Nofrizon mengatakan gubernur dan wakil gubernur bisa saja menolak anggaran itu dan mengembalikannya ke negara seperti yang dilakukan gubernur sebelumnya Irwan Prayitno.
3. Bisa Ditolak
Mantan Gubernur Sumbar Irwan Prayitno memahami, anggaran mobil dinas baru merupakan hak kepala daerah. Namun, kepala daerah bisa mengambil keputusan apa pun setelah anggaran itu ketok palu di DPRD.
Kepala daerha, kata Irwan, bisa saja menolak membeli mobil dinas baru.
"Namanya hak, bisa saja ditolak. Anggaran yang ditolak bisa kembali dianggarkan melalui mekanisme normal yaitu anggaran perubahan atau di zaman Covid-19 ini ada refocusing anggaran," kata Irwan.
"Meski itu adalah hak kepala daerah, namun setelah ketok palu di DPRD dan dianggarkan, maka terserah kepala daerah dan wakil kepala daerah untuk membeli atau memakainya," lanjut Irwan.
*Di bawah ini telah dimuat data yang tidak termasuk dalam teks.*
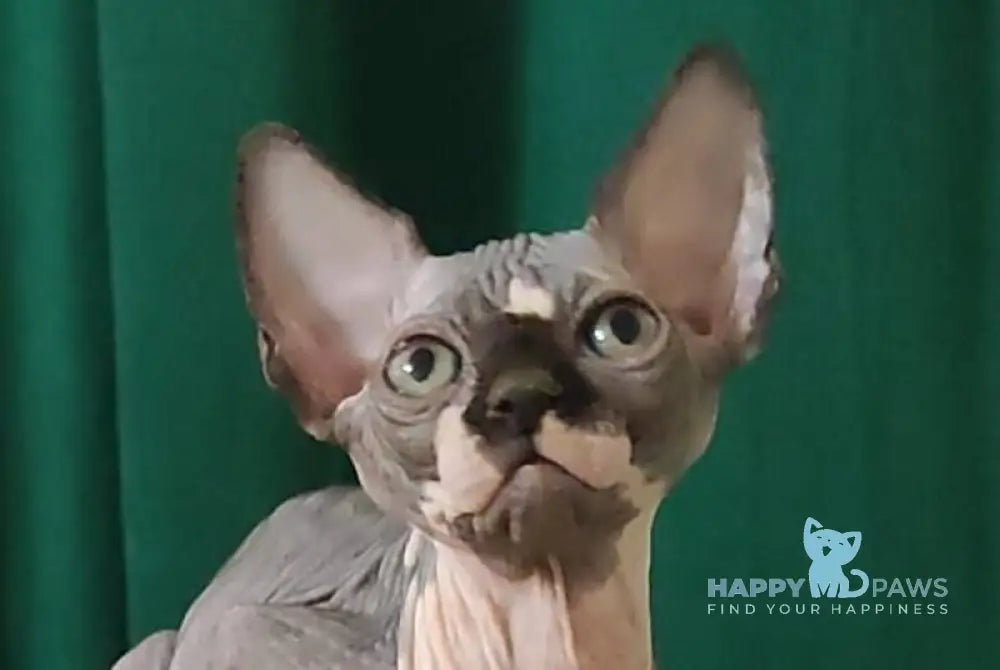 Leia Canadian Sphynx female black bicolour live animals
Irwan mencontohkan langkah yang diambilnya pada 2010. Saat itu, Irwan menolak anggaran kendaraan dinas baru. Politisi PKS itu memutuskan memakai mobil pribadi, termasuk untuk istri gubernur.
"Saya pun menolak pembangunan rumah dinas Gubernur yang sudah tidak layak. Dalam perjalanan naik pesawat, saya pun menolak naik kelas bisnis. Tentu banyak juga hak Gubernur yang ditolak," ujar Irwan.
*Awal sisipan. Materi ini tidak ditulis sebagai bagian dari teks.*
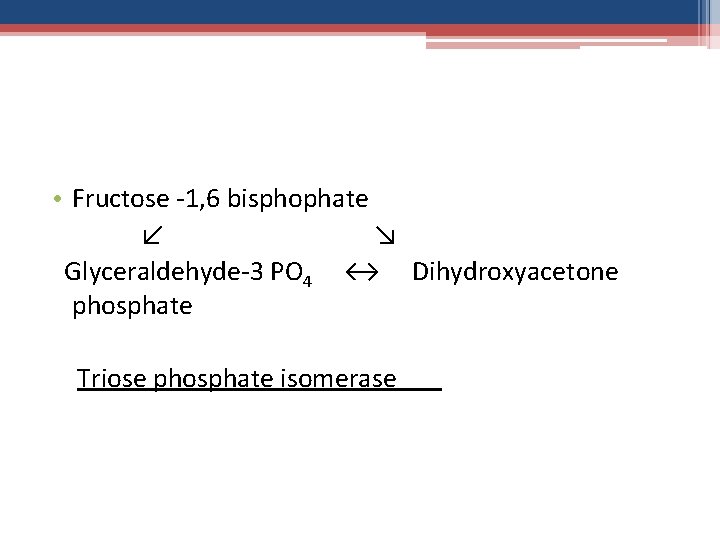  • Fructose -1, 6 bisphophate ↙ ↘ Glyceraldehyde-3 PO 4 ↔ Dihydroxyacetone phosphate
Saat itu, Irwan menjadi gubernur ketika Sumbar usai dilanda gempa yang meluluhlantakkan Sumbar pada 30 September 2009.
4. Dikritik anggota DPR RI
Anggota DPR RI Andre Rosiade menilai Gubernur Sumbar Mahyeldi dan Wakil Gubernur Audy Joinaldy tidak memiliki sense of crisis sebagai kepala daerah.
"Masak di tengah pandemi dan masyarakat menjerit perekonomiannya, mereka gagah-gagahan beli mobil baru. Ini tidak ada sedikit pun sense of crisis atau rasa kepeduliannya pada masyarakat," kata Andre.